To do:
Can you print every record below exactly as written?

Records supplied:
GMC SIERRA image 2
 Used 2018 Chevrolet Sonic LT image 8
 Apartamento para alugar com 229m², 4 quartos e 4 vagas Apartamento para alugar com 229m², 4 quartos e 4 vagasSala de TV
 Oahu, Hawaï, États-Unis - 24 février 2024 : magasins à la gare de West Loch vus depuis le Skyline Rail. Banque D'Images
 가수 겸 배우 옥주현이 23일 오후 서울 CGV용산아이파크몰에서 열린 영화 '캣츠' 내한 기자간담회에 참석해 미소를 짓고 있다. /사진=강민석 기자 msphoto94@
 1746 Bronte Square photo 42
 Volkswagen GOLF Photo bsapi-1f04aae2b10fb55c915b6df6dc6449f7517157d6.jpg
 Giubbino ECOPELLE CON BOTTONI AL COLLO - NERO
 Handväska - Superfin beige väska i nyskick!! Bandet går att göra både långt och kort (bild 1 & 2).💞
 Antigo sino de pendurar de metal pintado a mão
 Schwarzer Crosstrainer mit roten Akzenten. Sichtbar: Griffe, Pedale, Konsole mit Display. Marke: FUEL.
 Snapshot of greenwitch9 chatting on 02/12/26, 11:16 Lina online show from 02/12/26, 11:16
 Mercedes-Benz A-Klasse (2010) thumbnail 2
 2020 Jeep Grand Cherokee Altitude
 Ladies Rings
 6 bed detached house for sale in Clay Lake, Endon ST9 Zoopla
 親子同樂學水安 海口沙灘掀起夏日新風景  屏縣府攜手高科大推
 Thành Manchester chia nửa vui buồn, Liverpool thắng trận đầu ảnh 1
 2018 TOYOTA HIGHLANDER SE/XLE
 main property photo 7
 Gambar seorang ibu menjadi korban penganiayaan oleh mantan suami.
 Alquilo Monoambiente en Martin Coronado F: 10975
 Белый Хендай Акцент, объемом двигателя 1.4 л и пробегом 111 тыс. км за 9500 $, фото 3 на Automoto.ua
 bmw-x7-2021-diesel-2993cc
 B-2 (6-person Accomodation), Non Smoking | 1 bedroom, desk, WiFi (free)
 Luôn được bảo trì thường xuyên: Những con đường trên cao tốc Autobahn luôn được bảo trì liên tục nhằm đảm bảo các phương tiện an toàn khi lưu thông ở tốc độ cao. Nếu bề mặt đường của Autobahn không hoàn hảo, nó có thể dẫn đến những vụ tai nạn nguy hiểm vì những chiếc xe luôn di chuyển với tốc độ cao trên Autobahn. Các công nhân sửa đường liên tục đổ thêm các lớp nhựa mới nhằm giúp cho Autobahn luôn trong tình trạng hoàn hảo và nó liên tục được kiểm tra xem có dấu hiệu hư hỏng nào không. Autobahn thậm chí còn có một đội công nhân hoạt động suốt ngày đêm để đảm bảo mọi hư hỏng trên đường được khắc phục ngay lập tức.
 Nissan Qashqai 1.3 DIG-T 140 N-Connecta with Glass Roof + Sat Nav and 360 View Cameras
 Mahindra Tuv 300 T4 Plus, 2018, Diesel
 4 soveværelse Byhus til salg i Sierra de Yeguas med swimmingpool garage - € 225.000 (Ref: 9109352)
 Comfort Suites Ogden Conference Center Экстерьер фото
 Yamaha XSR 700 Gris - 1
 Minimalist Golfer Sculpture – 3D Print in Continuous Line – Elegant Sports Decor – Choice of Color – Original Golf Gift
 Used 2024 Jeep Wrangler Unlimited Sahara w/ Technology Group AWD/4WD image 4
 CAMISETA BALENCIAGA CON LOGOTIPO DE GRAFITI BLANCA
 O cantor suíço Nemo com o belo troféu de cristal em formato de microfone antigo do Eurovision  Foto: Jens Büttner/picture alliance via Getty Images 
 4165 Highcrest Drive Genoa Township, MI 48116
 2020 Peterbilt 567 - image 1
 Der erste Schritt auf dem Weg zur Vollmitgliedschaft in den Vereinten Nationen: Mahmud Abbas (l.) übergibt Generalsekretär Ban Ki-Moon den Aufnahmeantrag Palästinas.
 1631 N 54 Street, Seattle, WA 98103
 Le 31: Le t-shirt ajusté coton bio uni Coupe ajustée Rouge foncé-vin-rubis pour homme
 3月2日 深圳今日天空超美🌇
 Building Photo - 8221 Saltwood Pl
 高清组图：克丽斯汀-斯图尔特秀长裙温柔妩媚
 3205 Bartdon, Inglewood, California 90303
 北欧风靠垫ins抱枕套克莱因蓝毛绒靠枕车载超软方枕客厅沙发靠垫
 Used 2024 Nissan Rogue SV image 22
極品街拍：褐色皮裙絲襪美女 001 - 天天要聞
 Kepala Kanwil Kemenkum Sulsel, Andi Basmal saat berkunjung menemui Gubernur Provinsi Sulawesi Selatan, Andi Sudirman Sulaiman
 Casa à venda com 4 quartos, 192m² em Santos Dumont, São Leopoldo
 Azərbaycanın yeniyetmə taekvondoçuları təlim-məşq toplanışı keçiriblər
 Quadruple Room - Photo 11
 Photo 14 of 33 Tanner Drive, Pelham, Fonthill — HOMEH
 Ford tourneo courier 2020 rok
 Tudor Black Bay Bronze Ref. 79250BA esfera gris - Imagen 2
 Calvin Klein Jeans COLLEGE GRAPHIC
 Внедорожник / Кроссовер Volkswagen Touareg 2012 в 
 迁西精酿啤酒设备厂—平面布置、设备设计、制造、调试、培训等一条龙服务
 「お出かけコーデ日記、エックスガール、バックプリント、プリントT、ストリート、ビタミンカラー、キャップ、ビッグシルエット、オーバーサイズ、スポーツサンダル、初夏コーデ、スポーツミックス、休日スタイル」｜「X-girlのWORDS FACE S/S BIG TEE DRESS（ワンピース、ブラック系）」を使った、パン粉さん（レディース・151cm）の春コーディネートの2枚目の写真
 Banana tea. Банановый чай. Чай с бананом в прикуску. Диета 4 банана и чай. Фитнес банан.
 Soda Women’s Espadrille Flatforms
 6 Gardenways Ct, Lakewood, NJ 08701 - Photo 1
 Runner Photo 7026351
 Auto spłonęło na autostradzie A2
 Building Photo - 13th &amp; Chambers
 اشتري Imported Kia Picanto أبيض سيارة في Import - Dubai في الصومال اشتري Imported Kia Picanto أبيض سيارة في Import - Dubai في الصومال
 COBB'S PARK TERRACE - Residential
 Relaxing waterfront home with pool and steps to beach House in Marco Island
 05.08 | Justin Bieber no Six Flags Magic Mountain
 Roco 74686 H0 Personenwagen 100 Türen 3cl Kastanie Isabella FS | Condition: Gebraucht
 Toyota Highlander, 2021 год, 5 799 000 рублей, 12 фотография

Output for this exercise:
GMC SIERRA image 2
 Used 2018 Chevrolet Sonic LT image 8
 Apartamento para alugar com 229m², 4 quartos e 4 vagas Apartamento para alugar com 229m², 4 quartos e 4 vagasSala de TV
 Oahu, Hawaï, États-Unis - 24 février 2024 : magasins à la gare de West Loch vus depuis le Skyline Rail. Banque D'Images
 가수 겸 배우 옥주현이 23일 오후 서울 CGV용산아이파크몰에서 열린 영화 '캣츠' 내한 기자간담회에 참석해 미소를 짓고 있다. /사진=강민석 기자 msphoto94@
 1746 Bronte Square photo 42
 Volkswagen GOLF Photo bsapi-1f04aae2b10fb55c915b6df6dc6449f7517157d6.jpg
 Giubbino ECOPELLE CON BOTTONI AL COLLO - NERO
 Handväska - Superfin beige väska i nyskick!! Bandet går att göra både långt och kort (bild 1 & 2).💞
 Antigo sino de pendurar de metal pintado a mão
 Schwarzer Crosstrainer mit roten Akzenten. Sichtbar: Griffe, Pedale, Konsole mit Display. Marke: FUEL.
 Snapshot of greenwitch9 chatting on 02/12/26, 11:16 Lina online show from 02/12/26, 11:16
 Mercedes-Benz A-Klasse (2010) thumbnail 2
 2020 Jeep Grand Cherokee Altitude
 Ladies Rings
 6 bed detached house for sale in Clay Lake, Endon ST9 Zoopla
 親子同樂學水安 海口沙灘掀起夏日新風景  屏縣府攜手高科大推
 Thành Manchester chia nửa vui buồn, Liverpool thắng trận đầu ảnh 1
 2018 TOYOTA HIGHLANDER SE/XLE
 main property photo 7
 Gambar seorang ibu menjadi korban penganiayaan oleh mantan suami.
 Alquilo Monoambiente en Martin Coronado F: 10975
 Белый Хендай Акцент, объемом двигателя 1.4 л и пробегом 111 тыс. км за 9500 $, фото 3 на Automoto.ua
 bmw-x7-2021-diesel-2993cc
 B-2 (6-person Accomodation), Non Smoking | 1 bedroom, desk, WiFi (free)
 Luôn được bảo trì thường xuyên: Những con đường trên cao tốc Autobahn luôn được bảo trì liên tục nhằm đảm bảo các phương tiện an toàn khi lưu thông ở tốc độ cao. Nếu bề mặt đường của Autobahn không hoàn hảo, nó có thể dẫn đến những vụ tai nạn nguy hiểm vì những chiếc xe luôn di chuyển với tốc độ cao trên Autobahn. Các công nhân sửa đường liên tục đổ thêm các lớp nhựa mới nhằm giúp cho Autobahn luôn trong tình trạng hoàn hảo và nó liên tục được kiểm tra xem có dấu hiệu hư hỏng nào không. Autobahn thậm chí còn có một đội công nhân hoạt động suốt ngày đêm để đảm bảo mọi hư hỏng trên đường được khắc phục ngay lập tức.
 Nissan Qashqai 1.3 DIG-T 140 N-Connecta with Glass Roof + Sat Nav and 360 View Cameras
 Mahindra Tuv 300 T4 Plus, 2018, Diesel
 4 soveværelse Byhus til salg i Sierra de Yeguas med swimmingpool garage - € 225.000 (Ref: 9109352)
 Comfort Suites Ogden Conference Center Экстерьер фото
 Yamaha XSR 700 Gris - 1
 Minimalist Golfer Sculpture – 3D Print in Continuous Line – Elegant Sports Decor – Choice of Color – Original Golf Gift
 Used 2024 Jeep Wrangler Unlimited Sahara w/ Technology Group AWD/4WD image 4
 CAMISETA BALENCIAGA CON LOGOTIPO DE GRAFITI BLANCA
 O cantor suíço Nemo com o belo troféu de cristal em formato de microfone antigo do Eurovision  Foto: Jens Büttner/picture alliance via Getty Images 
 4165 Highcrest Drive Genoa Township, MI 48116
 2020 Peterbilt 567 - image 1
 Der erste Schritt auf dem Weg zur Vollmitgliedschaft in den Vereinten Nationen: Mahmud Abbas (l.) übergibt Generalsekretär Ban Ki-Moon den Aufnahmeantrag Palästinas.
 1631 N 54 Street, Seattle, WA 98103
 Le 31: Le t-shirt ajusté coton bio uni Coupe ajustée Rouge foncé-vin-rubis pour homme
 3月2日 深圳今日天空超美🌇
 Building Photo - 8221 Saltwood Pl
 高清组图：克丽斯汀-斯图尔特秀长裙温柔妩媚
 3205 Bartdon, Inglewood, California 90303
 北欧风靠垫ins抱枕套克莱因蓝毛绒靠枕车载超软方枕客厅沙发靠垫
 Used 2024 Nissan Rogue SV image 22
極品街拍：褐色皮裙絲襪美女 001 - 天天要聞
 Kepala Kanwil Kemenkum Sulsel, Andi Basmal saat berkunjung menemui Gubernur Provinsi Sulawesi Selatan, Andi Sudirman Sulaiman
 Casa à venda com 4 quartos, 192m² em Santos Dumont, São Leopoldo
 Azərbaycanın yeniyetmə taekvondoçuları təlim-məşq toplanışı keçiriblər
 Quadruple Room - Photo 11
 Photo 14 of 33 Tanner Drive, Pelham, Fonthill — HOMEH
 Ford tourneo courier 2020 rok
 Tudor Black Bay Bronze Ref. 79250BA esfera gris - Imagen 2
 Calvin Klein Jeans COLLEGE GRAPHIC
 Внедорожник / Кроссовер Volkswagen Touareg 2012 в 
 迁西精酿啤酒设备厂—平面布置、设备设计、制造、调试、培训等一条龙服务
 「お出かけコーデ日記、エックスガール、バックプリント、プリントT、ストリート、ビタミンカラー、キャップ、ビッグシルエット、オーバーサイズ、スポーツサンダル、初夏コーデ、スポーツミックス、休日スタイル」｜「X-girlのWORDS FACE S/S BIG TEE DRESS（ワンピース、ブラック系）」を使った、パン粉さん（レディース・151cm）の春コーディネートの2枚目の写真
 Banana tea. Банановый чай. Чай с бананом в прикуску. Диета 4 банана и чай. Фитнес банан.
 Soda Women’s Espadrille Flatforms
 6 Gardenways Ct, Lakewood, NJ 08701 - Photo 1
 Runner Photo 7026351
 Auto spłonęło na autostradzie A2
 Building Photo - 13th &amp; Chambers
 اشتري Imported Kia Picanto أبيض سيارة في Import - Dubai في الصومال اشتري Imported Kia Picanto أبيض سيارة في Import - Dubai في الصومال
 COBB'S PARK TERRACE - Residential
 Relaxing waterfront home with pool and steps to beach House in Marco Island
 05.08 | Justin Bieber no Six Flags Magic Mountain
 Roco 74686 H0 Personenwagen 100 Türen 3cl Kastanie Isabella FS | Condition: Gebraucht
 Toyota Highlander, 2021 год, 5 799 000 рублей, 12 фотография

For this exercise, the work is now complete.